Saya punya teman sebut saja Untung namanya. Si Untung ini sangat senang ’memuji’ saya: Jelek.

Sampai setiap saya bercermin bertanya sendiri, “Mirror on the wall, who’s the most beautiful of all? Sewaktu saya wisuda si Untung saya undang, tapi ia tak bisa datang, akhirnya saya kirimi dia CD foto-foto wisuda saya. Setelah itu Untung berkomentar, “Apaan itu, aku nggak suka. Menor. Lipstik-mu nggak pantes.

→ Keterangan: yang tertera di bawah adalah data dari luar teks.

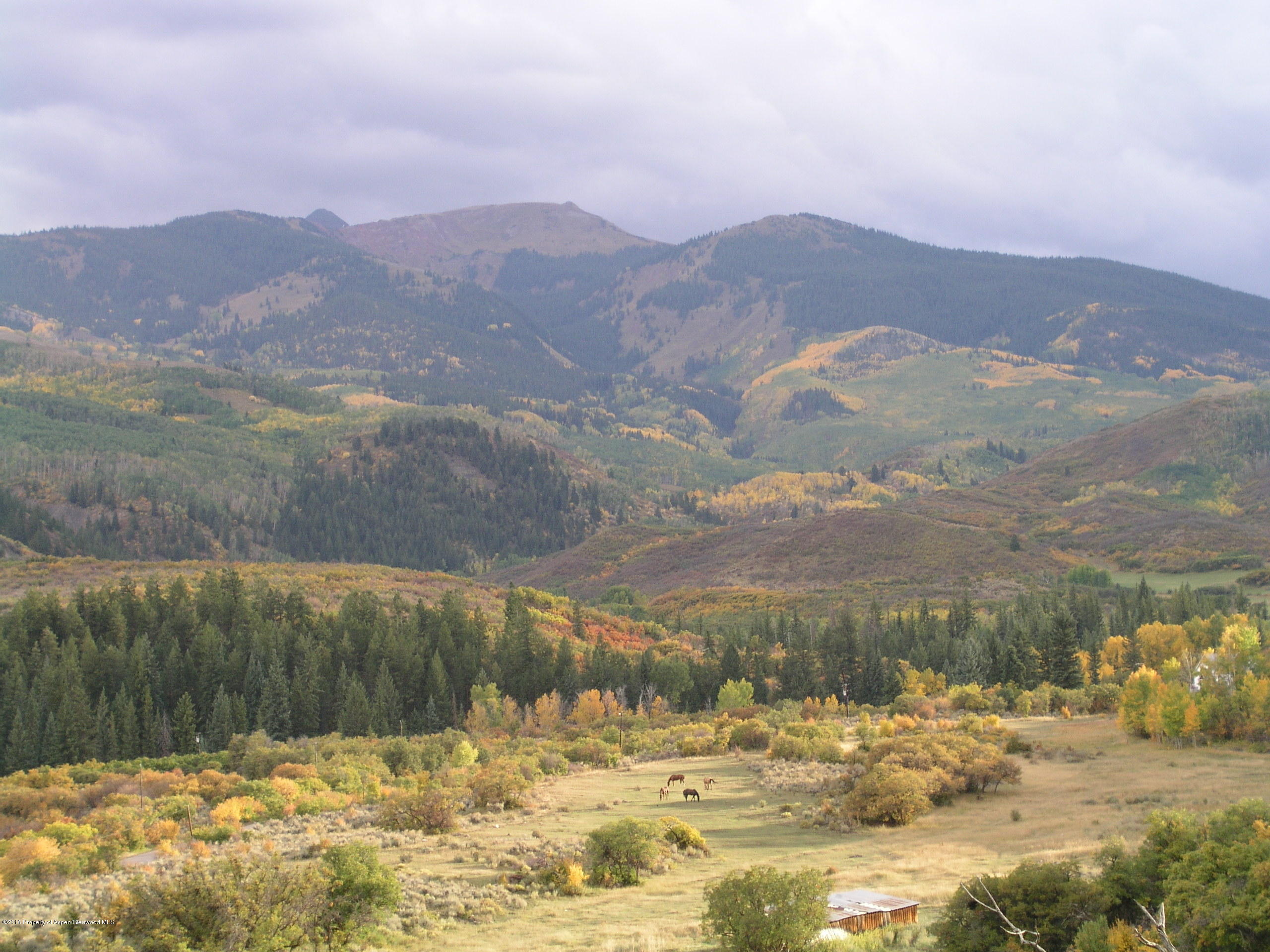 4516 Capitol Creek Road Snowmass CO 81654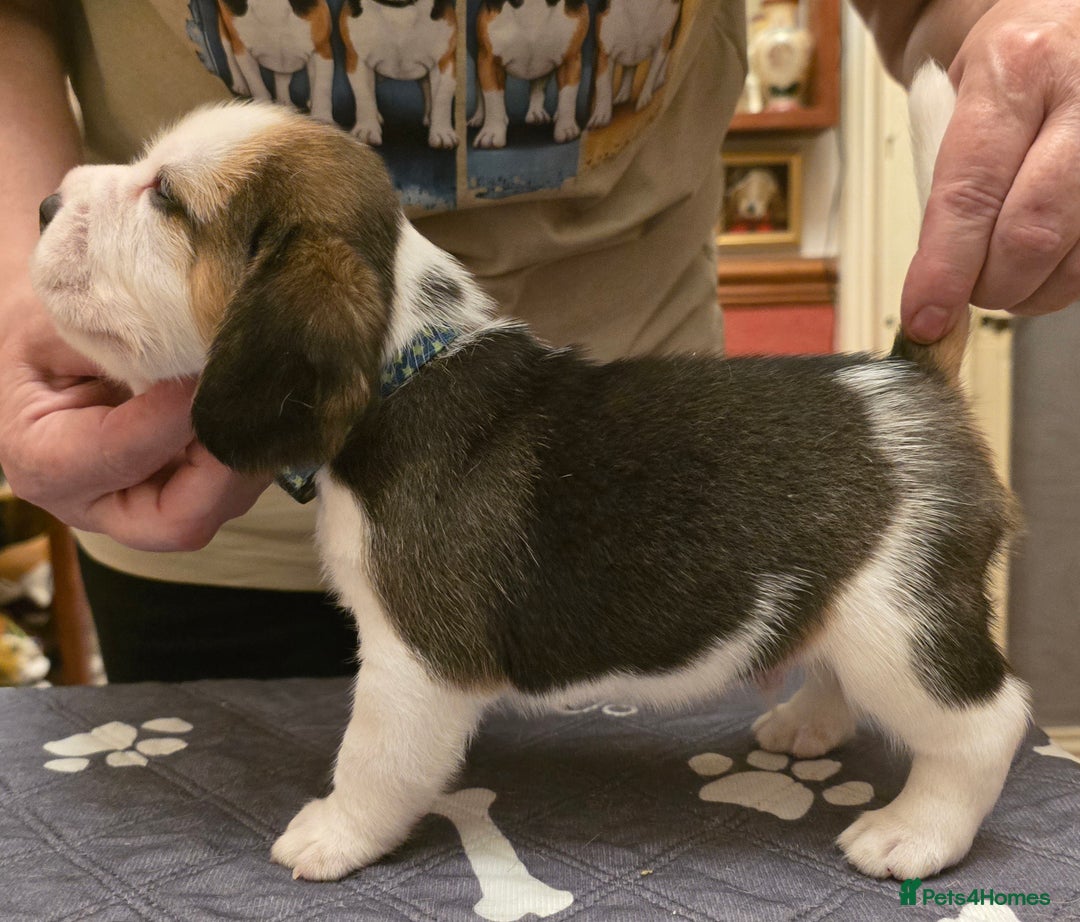 Beagle dogs for sale: Kennel Club Reg Beagle pups tri male, t/w bitch  - Advert 10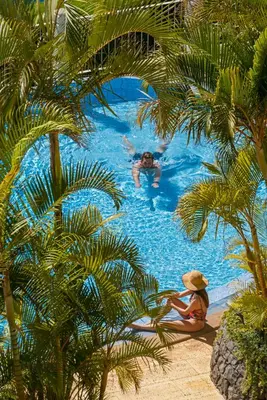 two people in a swimming pool with palm trees at Arcadas III by An Island Apart in Funchal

Hii, merah banget, bedakmu apa lagi kayak topeng”. Untung sangat senang kedengarannya saat men-down-kan mental saya. Secara tak langsung mengatakan: J E L E K. Saya memaklumi, dia lebih paham make-up dari pada saya. Karena dia bekerja di bidang Advertising. Yang sehari-hari bertemu dengan wanita cantik dengan polesan make-up. Pernah saya tanya, “Kamu kok masih nge-jomblo, di Ibukota banyak cewek cakep bukan?”, Untung jawab, “Iya, tapi nggak Natural. Polesan!” Dan pada suatu kesempatan saya dikenalkan dengan cewek barunya yang tak jauh beda dengan polesan, sebuah produk olahan salon. Saya geli sendiri dibuatnya. Dasar Untung nggak konsisten dengan ucapan. Suatu saat saya iseng berkata pada Untung, “Tung, kalau kamu butuh model, aku bersedia sukarela jadi modelmu”, si Untung jawab dengan cuek, “Mau jadi model apa kamu? Lha wong jilbaban”. Saya senyum, memang sengaja ingin tahu bagaimana komentar dia. Padahal sebelumnya saya pernah jalan-jalan di mall, ada sebuah tabloid Islami menempelkan pengumuman ”Dicari Model Wanita Berjilbab”. Saya ingin mendaftar rasanya, tapi saya harus Facial dulu. Kan -kata Untung- saya: Jelek.